### TASK INSTRUCTIONS
Leave the pictures out. Retype exactly the lines below from the one containing "Karl Glaser Altsaxophon Schwarz/Gold Set" through the one containing "Ford Edge Sport", and no others.

### RECORDS SUPPLIED
++++++

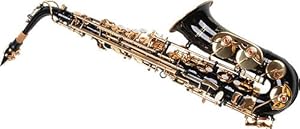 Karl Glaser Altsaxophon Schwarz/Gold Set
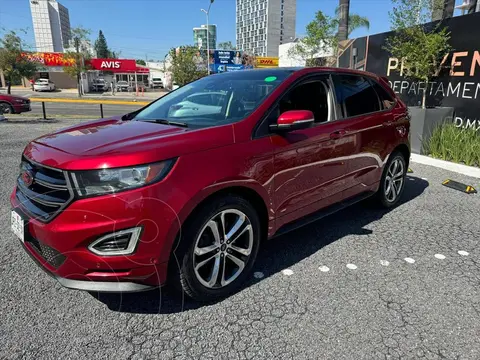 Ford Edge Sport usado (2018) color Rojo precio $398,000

++++++

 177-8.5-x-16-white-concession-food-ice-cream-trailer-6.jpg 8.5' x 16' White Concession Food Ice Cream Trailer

++++++

### WRITTEN RESPONSE
 Karl Glaser Altsaxophon Schwarz/Gold Set
 Ford Edge Sport usado (2018) color Rojo precio $398,000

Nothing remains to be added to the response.